In recent times, the “on-demand economy” has become a market darling. Examples include ride-hailing app Uber, home services application Handy, and house-call physician service Medicast, which are permeating every corner of daily life and gradually becoming integral to people’s routines. Commonly defined, the “on-demand economy” refers to economic activities in which technology companies create platforms that provide goods and services instantly online, while fulfilling consumer demands offline.
Recently, CB Insights released a report in conjunction with the On-Demand Conference held in May. The report provides an in-depth analysis of investment and financing activities among on-demand mobility service startups, covering overall funding amounts, transaction volume trends, and the most active venture capital firms.
Since 2010, total funding for on-demand mobile services has reached $9.4 billion.
In 2014, investment activity in the on-demand mobility services sector surged by 514% year-over-year, with total funding reaching $4.12 billion. In just the first four months of 2015, this sector raised $3.78 billion; for instance, Uber secured $24 million in March, while Lyft raised a total of over $350 million across financing rounds in March and May. Based on the financing transactions completed so far in 2015, the volume has already reached half of that recorded for the entire year of 2014.
Uber, as a leader in this economic model: How much capital has flowed in?
Since 2010, more than 250 startups in the on-demand mobile services sector (excluding Uber) have secured up to $3.89 billion in funding.

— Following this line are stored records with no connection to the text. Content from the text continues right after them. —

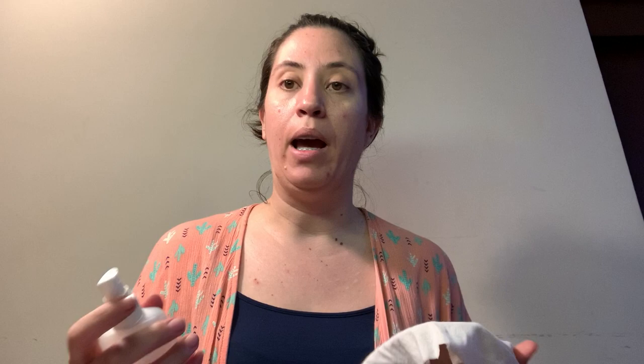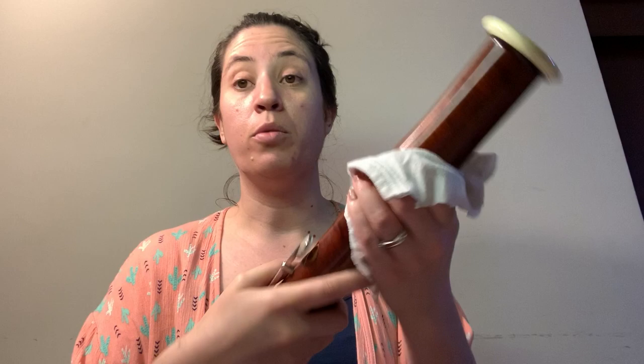Be a little careful with this next step. I get a small piece of an old t-shirt and I want to clean the wood parts of my bassoon. This is plain water — spray your cloth first, then clean the wood parts of the instrument. Spray your cloth first, then clean the instrument. We don't want any water on the pads and we don't want any water inside the instrument.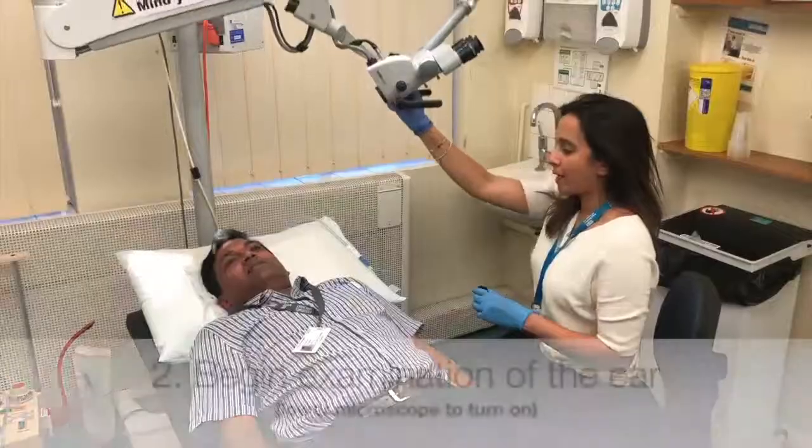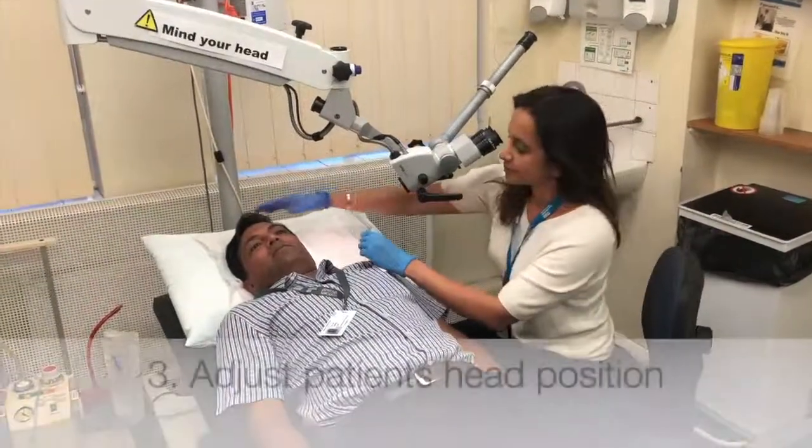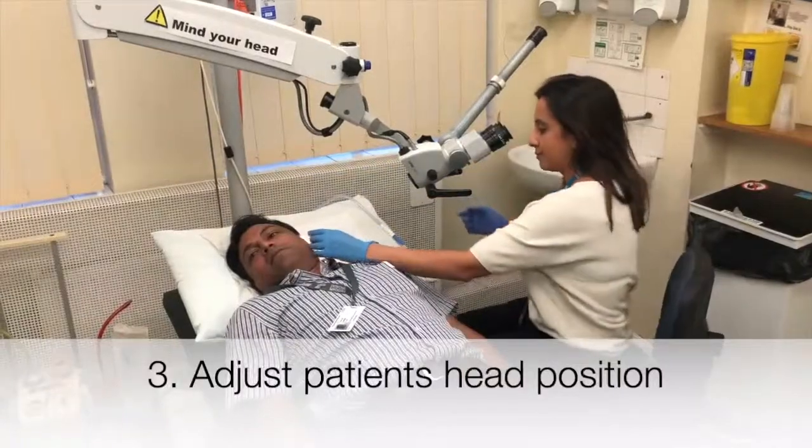Some microscopes have a teaching arm. Begin examination of the ear, adjusting the patient's head position as necessary.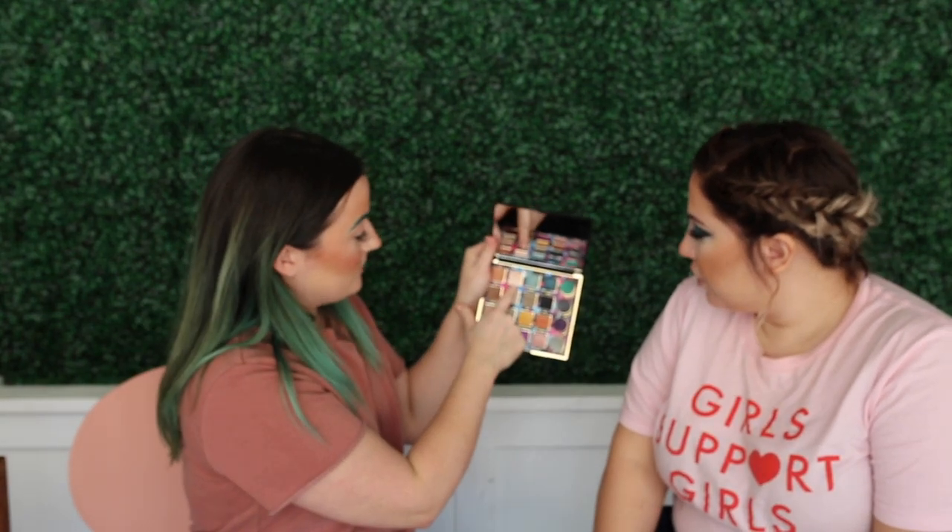Then we go into blush. I'm going to use this for blush. And we're going to do highlight — I like a small brush for highlight. I like to put a first layer and then if I feel I need a little bit more intensity I'll add more.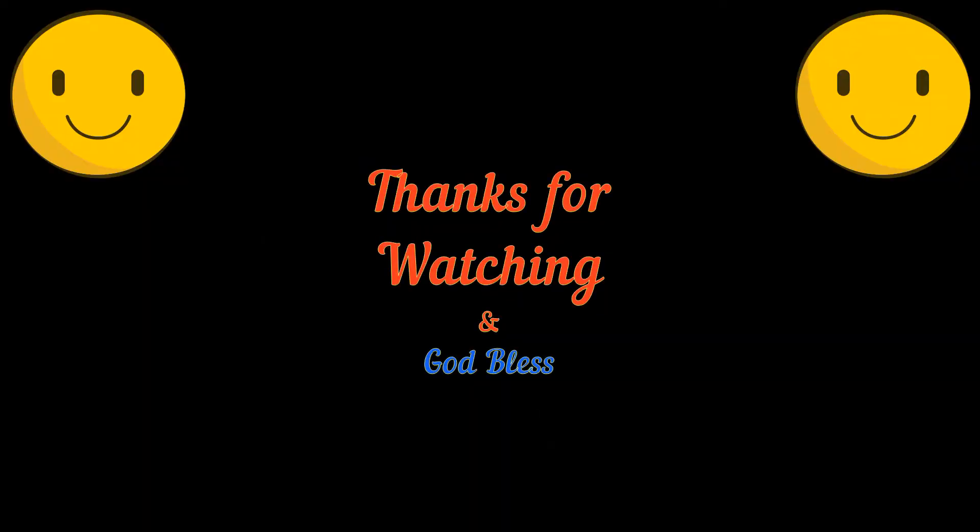Thanks for filming, Terry — aren't you happy to have power now?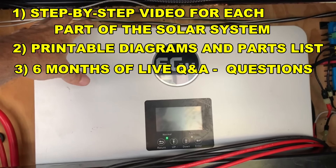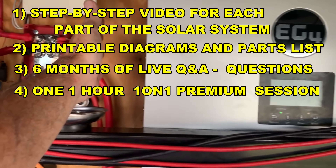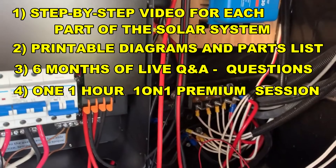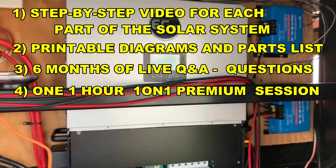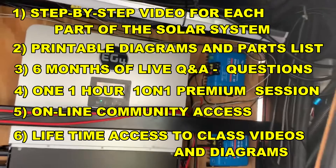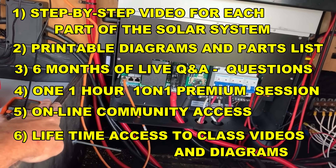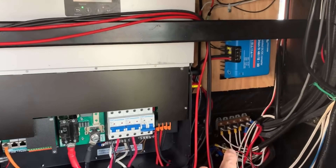We'll do a live Q&A session every other week just for the class so that everyone gets their questions answered. I've also included a one-on-one call to review your designs or discuss what your solar system involves, making sure you're comfortable in that one-on-one setting. Not only that, but you're going to get lifetime access to all this content — as I update it, you already have it, and you can come back at any time to refresh or pick up where you left off.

Compared with the same period last year, financing for on-demand companies surged by 316% in 2014. At the current pace, 2015 could see funding more than double that of 2014, setting a new record.
Uber’s success not only had a major impact on boosting the on-demand economy, but also exerted a tremendous influence on overall funding levels. In 2014, Uber’s fundraising volume was 39% higher than the combined total raised by all other on-demand mobility services throughout the entire year.

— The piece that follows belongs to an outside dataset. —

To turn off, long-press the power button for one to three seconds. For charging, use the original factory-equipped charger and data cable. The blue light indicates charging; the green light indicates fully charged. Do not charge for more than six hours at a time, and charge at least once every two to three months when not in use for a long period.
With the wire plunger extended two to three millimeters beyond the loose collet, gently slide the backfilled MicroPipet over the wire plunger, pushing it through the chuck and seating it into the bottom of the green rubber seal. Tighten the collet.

On-demand mobile health services saw their lowest angel-round transaction volume in five years in 2014
In 2010, seven out of every ten investment and financing deals in the on-demand mobile services sector were angel rounds. By 2014, this figure accounted for only 31% of all investment and financing deals for the year. As on-demand companies continued to attract capital, the volume of Series B financing transactions reached a five-year high in 2014. Combined, Series B and C rounds accounted for 29% of the total investment and financing transaction volume for the year.

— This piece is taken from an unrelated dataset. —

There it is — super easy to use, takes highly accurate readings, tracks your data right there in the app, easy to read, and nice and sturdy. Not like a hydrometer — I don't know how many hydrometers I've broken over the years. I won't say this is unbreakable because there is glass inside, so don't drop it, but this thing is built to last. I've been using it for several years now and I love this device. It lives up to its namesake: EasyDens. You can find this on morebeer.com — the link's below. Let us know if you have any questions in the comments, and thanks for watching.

On-demand trading volume is impacting the previously typical mobile trading model.
As shown in the chart, on-demand mobile services appear more attractive than mobile software, a trend that is particularly evident in Series A and B financing rounds. In 2015, the average transaction size for Series B rounds in on-demand mobile services exceeded $30 million, whereas in the mobile software sector, it stood at only $15.3 million.
Since 2010, the number of investors focusing on the on-demand economy has grown 14-fold.
In 2010, fewer than 20 investors were focused on on-demand mobility services; however, by the end of April 2015, this number had surged to 198. The above business social network graph highlights the rapid growth in the number of investors.
Top 3 Most Active Investment Firms: SV Angel, Andreessen Horowitz, First Round Capital
Over the past five years, SV Angel has been the most active VC in on-demand mobility services. Andreessen Horowitz ranks as the second most active investment firm, with portfolio companies including Caviar, Lyft, and Instacart, while First Round Capital comes in third.